You're finally on the verge of owning that restaurant, brew pub, club or bar you've always dreamed of -- so it's high time you educated yourself on how to get started as a seller of alcoholic beverages. Here are three important rules to digest before your patrons start digesting your drinks.
1. You Need a Liquor License
If you plan on selling alcohol at your establish, you'll have to go through the necessary steps to obtain a liquor license. (Additionally, on-site owners or managers who sell alcohol on your behalf must have a service permit if they're not specifically listed by name on the liquor license.) These licenses are granted by the state in which you do business, either through its alcohol and tobacco agency or through a specially-designated department. Some states require both a federal permit and a state liquor license, so be sure to ask your state agency about this. You may also need to choose the specific type of liquor license that describes your establishment and intentions, such as a Hotel and Restaurant License, a Brew Pub License, a Club License, or a license to serve beer and wine only.
If you're purchasing an existing business that serves alcohol, you can arrange to have the business's liquor license transferred to you. But watch out for tiny glitches in the application process that can create massive delays, temporarily forcing your new restaurant to become a "B.Y.O.B." establishment. Any mistakes or omissions in your personal disclosures, or any typos that cause a mismatch between the application and the establishment's on-file data, could force you to submit an all-new application and endure the waiting period for approval all over again.
2. You Must Pay Taxes (Unless Your Inventory Is Wiped Out)
Each state charges its own excise tax percentages on beer, wine, and spirits sold by businesses. You also have to pay federal excise taxes collected by the Alcohol and Tobacco Tax and Trade Bureau, a division of the U.S. Treasury. Even if you include "complimentary" drinks as part of another service, the money made on that service is considered taxable as a kind of alcohol retail by the government. Failure to pay your liquor taxes on time will make you vulnerable to financial penalties or even criminal prosecution -- so never let this aspect of your business slide.
What if your stock of alcoholic beverages is destroyed? Depending on the circumstances, you may not have to pay taxes on the lost inventory. The TTB allows business owners in your sad position to file an application for relief from your usual tax burden. If you've already paid taxes on the lost alcohol, you can apply for a refund. If you have yet to pay taxes on it, you can apply for an "Allowance of Loss" that cancels your liability for the specific amount of alcohol destroyed. As an alternative, you can also apply for a credit on your future tax payments.

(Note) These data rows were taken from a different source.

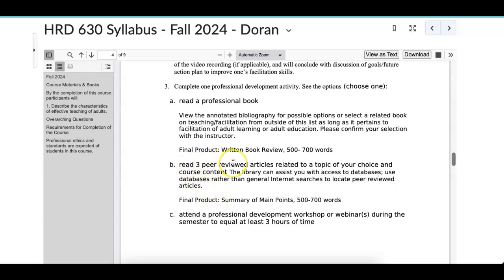The second option is you read three peer-reviewed articles related to a topic of your choice in the course content — something on teaching and facilitation. A peer-reviewed article could be in the Journal of Adult Learning, for example. You can find articles using the library — Glickman Library — using primary or secondary source documents. For those who have taken EDU 600, this one is just peer-reviewed articles, meaning they can be secondary sources in a peer-reviewed journal. The final product is a summary of the main points, once again 500 to 700 words.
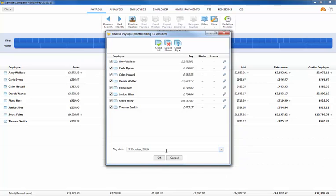By default, all employees included in the pay period will be marked for updating. If you wish to update all employees at the same time, simply click on OK.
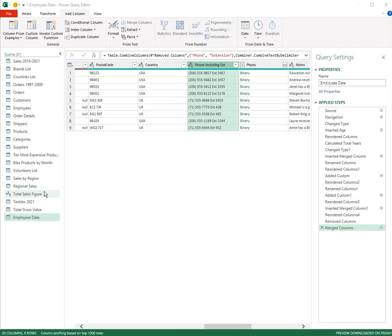Besides being able to merge columns, you can also split columns. Perhaps we have information that needs to be broken into separate columns.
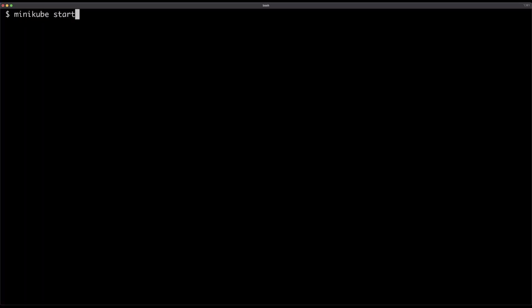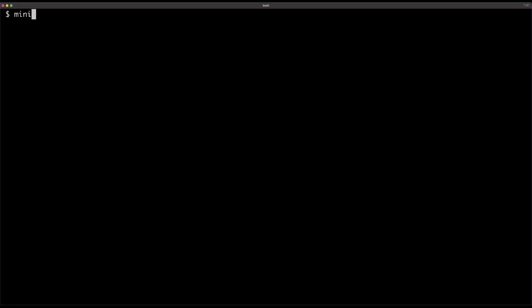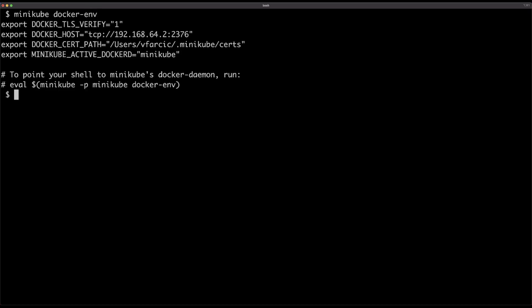So let me start Minikube by executing minikube start, using HyperKit as the driver. Remember, you can use a different driver, even though I really recommend HyperKit. The key here is in environment variables — Docker CLI knows how to talk with Docker engine through environment variables. So if we can tell Docker CLI how to communicate with the Docker engine running in the Minikube we started, we will have the solution fixed. Luckily, Minikube already provides those variables. We can execute minikube docker-env and see what we get — those are the environment variables Docker CLI needs to know how and where to find the engine.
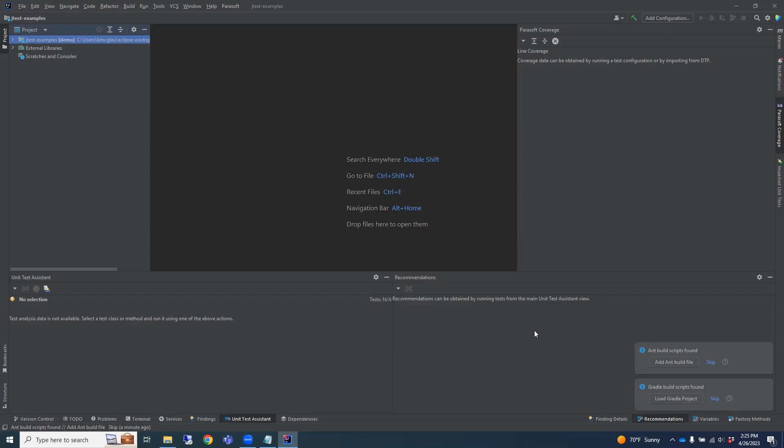The Recommendations view will contain recommendations made by the Unit Test Assistant to help you improve your tests and address common testing issues. This view will populate with recommendations after unit tests have been executed. You can interact with the Recommendations view to quickly apply updates to your tests.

3. You Should Insure Yourself Against Customer Liability
Alcohol sometimes gets people into trouble or causes them to do crazy things. Unfortunately, if they get into trouble or do those crazy things while drunk on the beverages you sold them, there's always the chance that you might be slapped with a civil lawsuit. A barroom brawl, for example, could leave you holding the bag for damages, while an auto accident might be connected to alcohol consumed in your club. That's why it's a smart idea to cover yourself by taking out Liquor Liability insurance -- in fact, many states actually require their liquor retailers to take out such a policy.

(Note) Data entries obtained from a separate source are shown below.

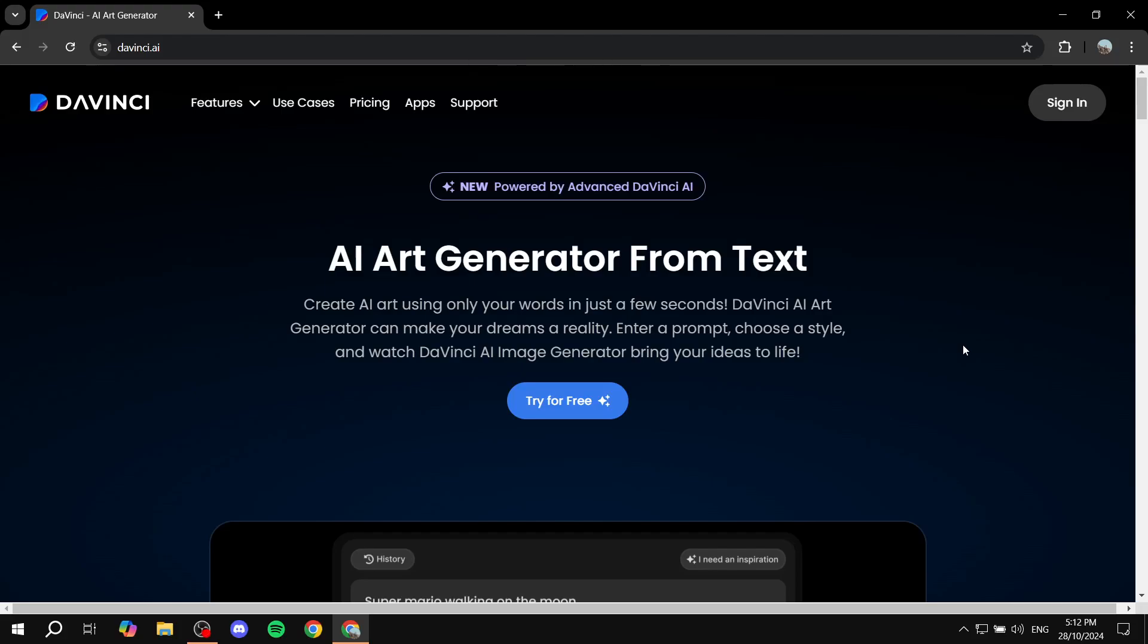How to use DaVinci AI for image generation. Hey everyone and welcome, I hope you're all doing great. In this video I'll show you step by step how to get started with DaVinci AI.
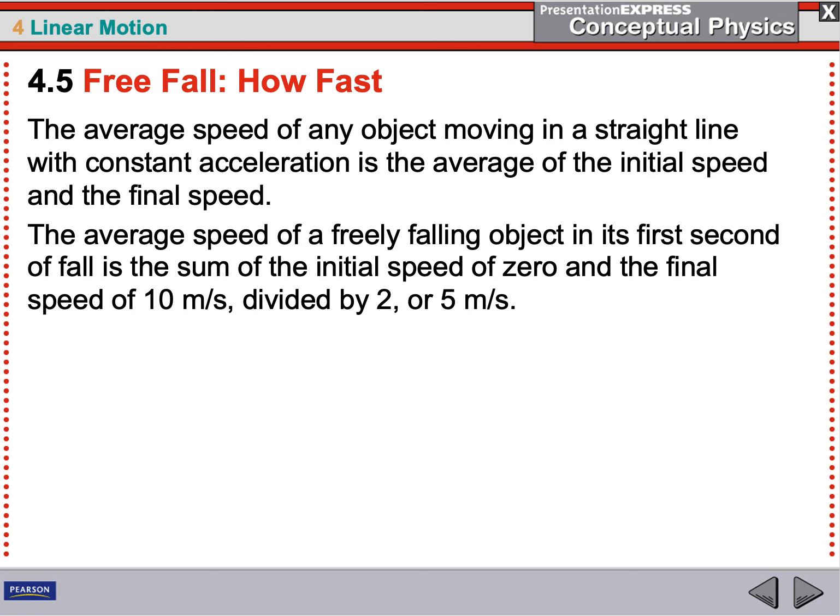For average speed of a falling object, take the initial velocity plus the final velocity and divide by 2. For the first second, it started at 0 and went to 10, so 0 plus 10 divided by 2 gives an average velocity of 5 meters per second. In the second second, you go from 10 to 20 — that's going to be faster. That means you're speeding up as you get to the Earth — that's what acceleration means.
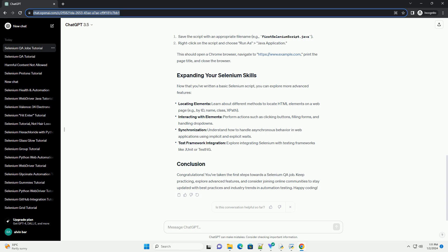Synchronization - understand how to handle asynchronous behavior in web applications using implicit and explicit waits. Test framework integration - explore integrating Selenium with testing frameworks like JUnit or TestNG.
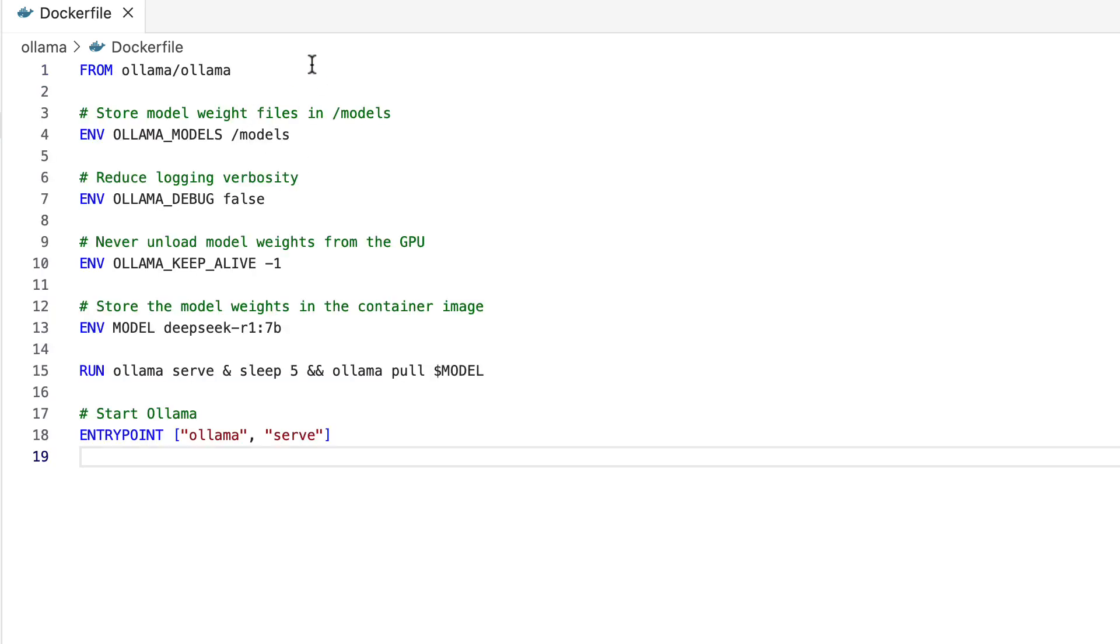You can see here that I have the Ollama latest version I'm pulling it and then I also have the model set to DeepSeek r1 7 billion parameters. Now you can pick and choose any model for this example I'm using DeepSeek but you could switch this with Gemma, Llama or any other models that are supported with Ollama.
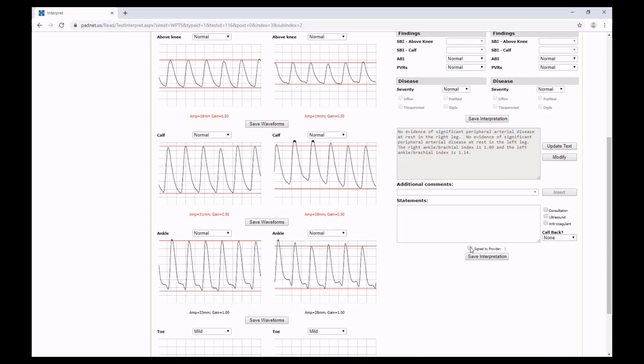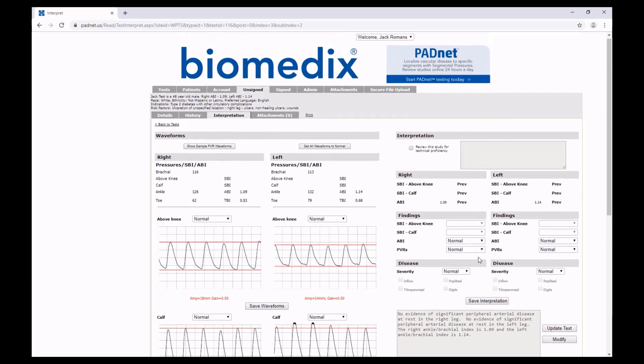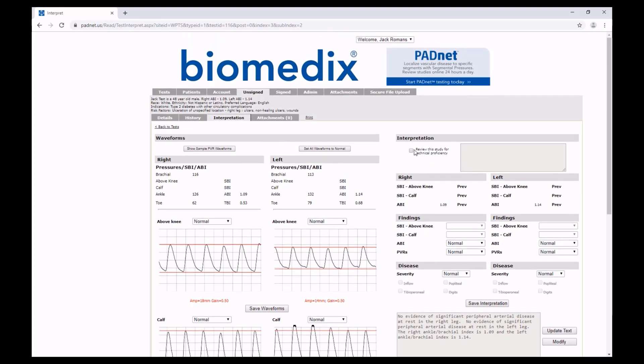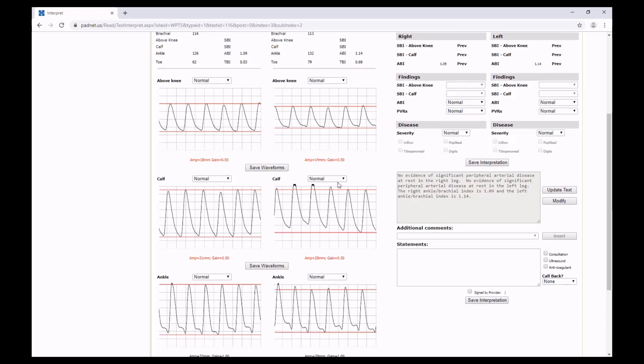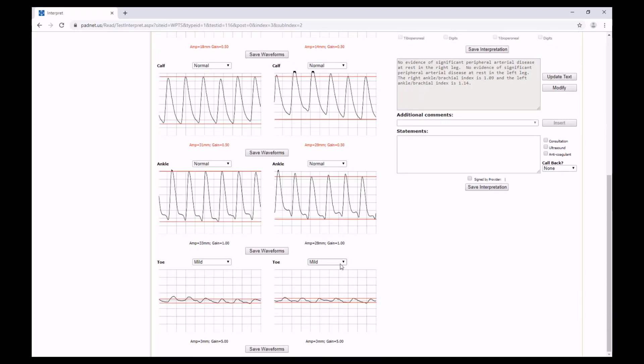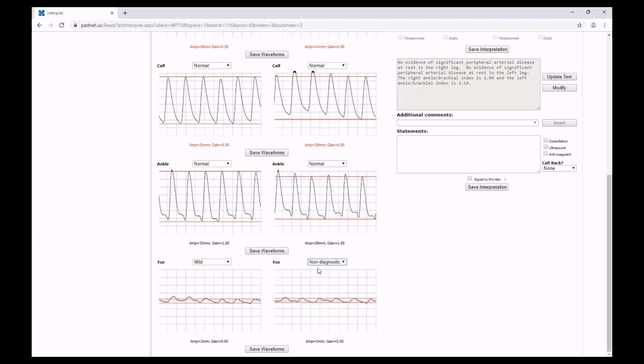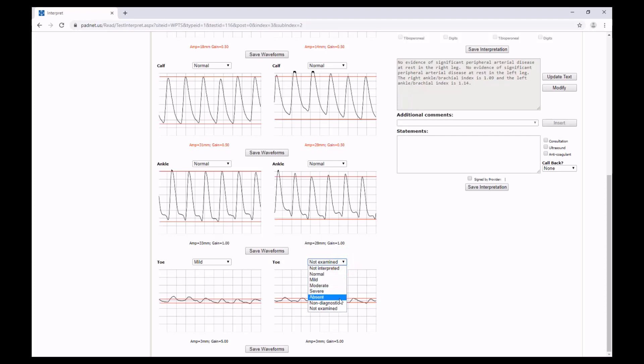Lastly, from here, you will want to sign it by checking this box and then clicking Save Interpretation. If at any point you wish to notify both Biomedics and the test site of some abnormalities in the performance, check this box right here. Let's say you're looking at a waveform that you cannot interpret. It is important that you select Non-diagnostic. If you select Not Interpreted or if you select Not Examined, the test will not let you sign and submit it, because Not Examined indicates that you will eventually examine it. So Non-diagnostic is the result you want to select if you cannot interpret a waveform.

You can obtain a policy that offers financial protection against assault and battery, legal costs, and any civil damages the court might award the plaintiff. Be aware, however, that Liquor Liability insurance won't cover you under every circumstance. For instance, if you give alcohol to a minor, that illegal action (and any consequences) won't be included in your coverage.
Selling alcohol can be a complicated business. But proceed with the proper care and attention to detail, and you may find it a highly profitable one as well.